On Tuesday, Venezuelan Foreign Minister Delcy Rodríguez met with the US chargé d’affaires in Venezuela, Lee McClenny, to whom she delivered an offiical letter of protest addressed to the Office of Foreign Assets Control (OFAC) of the US Treasury Department.
According to ministry’s official twitter account, Rodríguez also demanded that the US diplomatic officer respect Vice-President El Aissami, citing Vienna Convention provisions.
The Bolivarian government has considered the sanctions as part of a sustained campaign to destabilize the country and discredit Venezuelan authorities.
Venezuelan Ombudsman Tarek William Saab echoed this sentiment referring to the sanctions against El Aissami as “a new heigtening escalation against civilian and military authorities who have not knelt before foreign [US] military force, which has occupied territories and massively violated human rights throughout the world while the hands of its authorities are drenched with blood.”
The National Bolivarian Armed Forces (FANB) also issued a statement in solidarity with El Aissami expressing their “unconditional support.”
“The National Bolivarian Armed Forces expresses the most categorical rejection in light of the latest act of US intervention…formulating accusations absolutely lacking in foundation and legality,” read the statement signed by Defense Minister Vladimir Padrino López.
The FANB emphasized that these sanctions “have a Machiavellian purpose of undermining the image of our national executive power, and therefore, the institutionality, governance and stability of our country.”
The statement calls out the US Drug Enforcement Administration (DEA), saying it “is systematically and criminally used to target progressive states and governments based on sinister interests. In this case, as in many others, they make use of false positives, vilification, intrigue and disinformation. “
For its part, Venezuela’s opposition-controlled National Assembly pledged to launch an inquiry into the vice-president’s conduct, indicating that it would solicit official information regarding the case from Washington. The body likewise announced that it would request the Public Prosecutor’s office to open an official investigation.
The latest US sanctions follow on the heels of the outgoing Obama administration’s renewal last month of an executive order branding Venezuela an “unusual and extraordinary threat” to US national security.

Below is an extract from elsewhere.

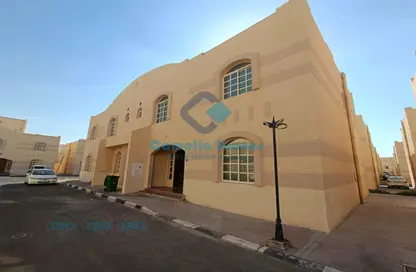 فيلا - 5 غرف نوم - 4 حمامات للايجار في بوابة عين خالد - عين خالد - الدوحة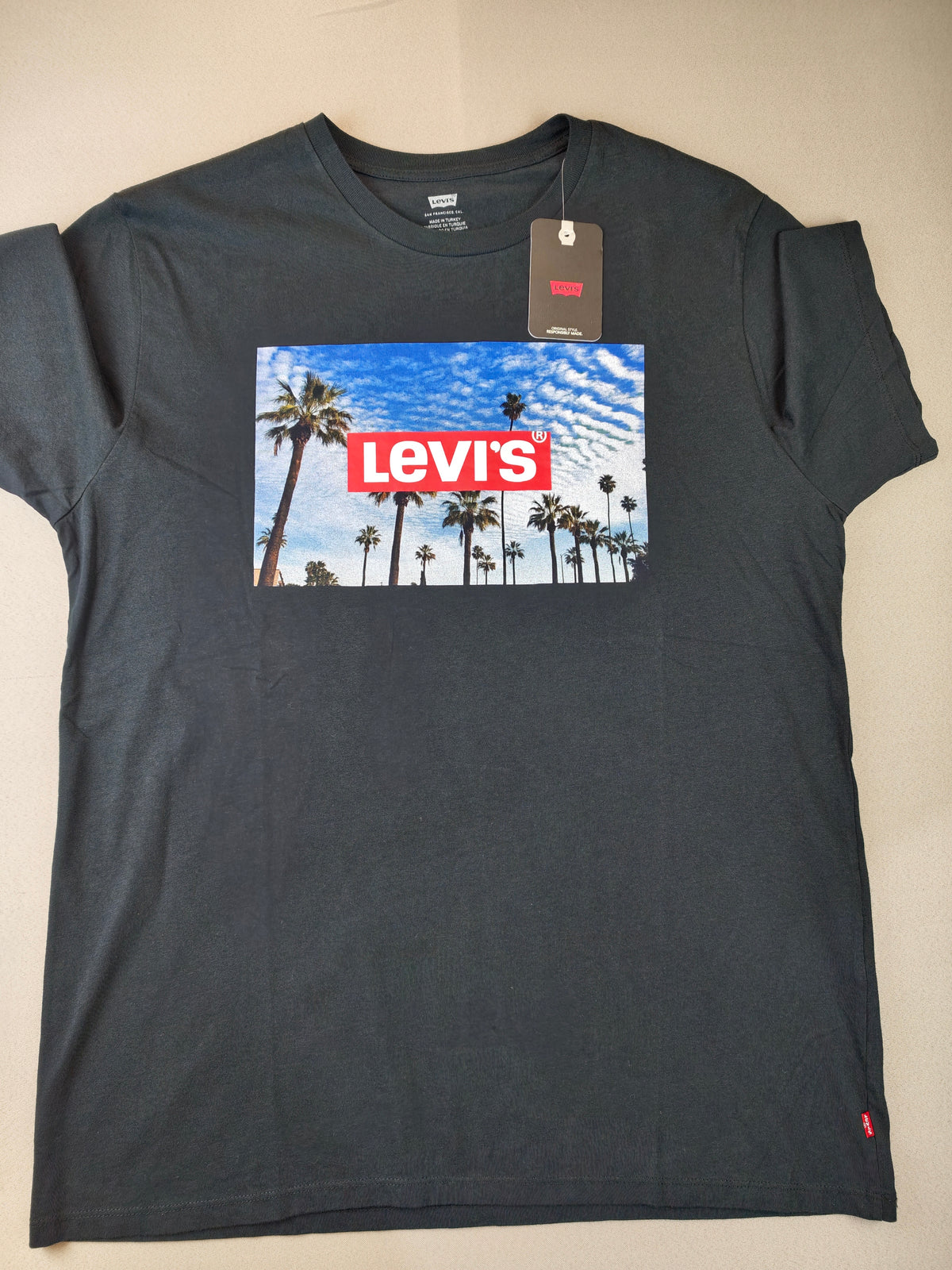 Levi's tişört L beden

In recent weeks, the US Congress has been urging the new Trump administration to take a more aggressive stance towards Caracas.
Last week, 34 US legislators issued a statement advocating for harsher sanctions against Venezuela. The bipartisan letter was co-written by Representative Ileana Ros-Lehtinen (R-Florida) and Senator Menendez (D-New Jersey) known for their hardline opposition to leftist and progressive governments in Latin America and the Caribbean.
NAM Rejects US Sanctions against Venezuelan Vice President
The Movement of Non Aligned Countries (NAM) has rejected Thursday the U.S. Treasury Department’s sanction against Venezuela’s Vice President Tareck El Aissami, for alleged links to international drug trafficking.
In a statement, the NAM’s Coordination Bureau rejects the inclusion of El Aissami in the list of people related to drug trafficking, which it considers a new coercive and unilateral measure by the United States Government against the South American nation.
It has also voiced its support for the Government and people of Venezuela and urges the US administration to repeal the measure as it violates the international law, the principles of the Charter of the United Nations and the rules governing peaceful relations among States.
Last February 13, the Office of Foreign Assets Control called El Aissami a drug trafficker, without showing any evidence against the Venezuelan politician.